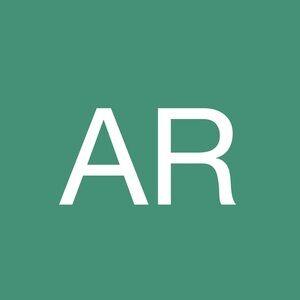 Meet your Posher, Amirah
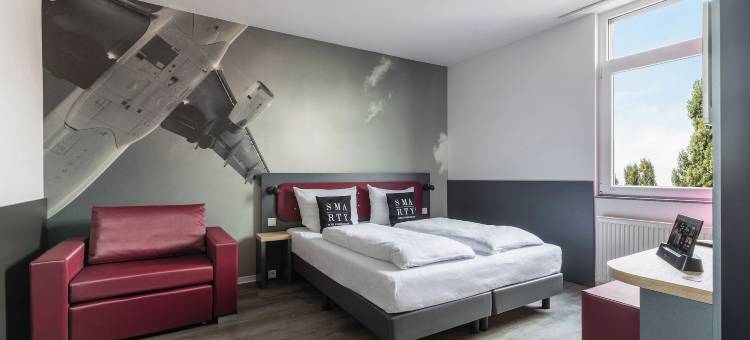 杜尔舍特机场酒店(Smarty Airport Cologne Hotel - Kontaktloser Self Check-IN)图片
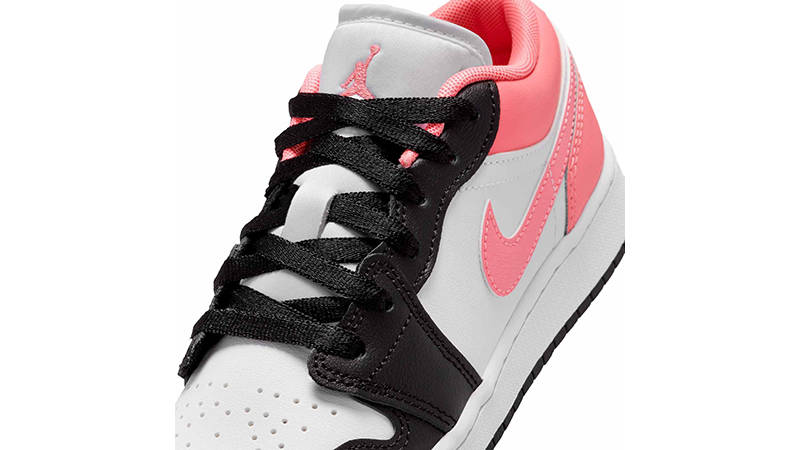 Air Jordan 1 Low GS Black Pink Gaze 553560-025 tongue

- Activity: Copy all the material exactly; omit images.

- Result of the exercise:
 Meet your Posher, Amirah
 杜尔舍特机场酒店(Smarty Airport Cologne Hotel - Kontaktloser Self Check-IN)图片
 Air Jordan 1 Low GS Black Pink Gaze 553560-025 tongue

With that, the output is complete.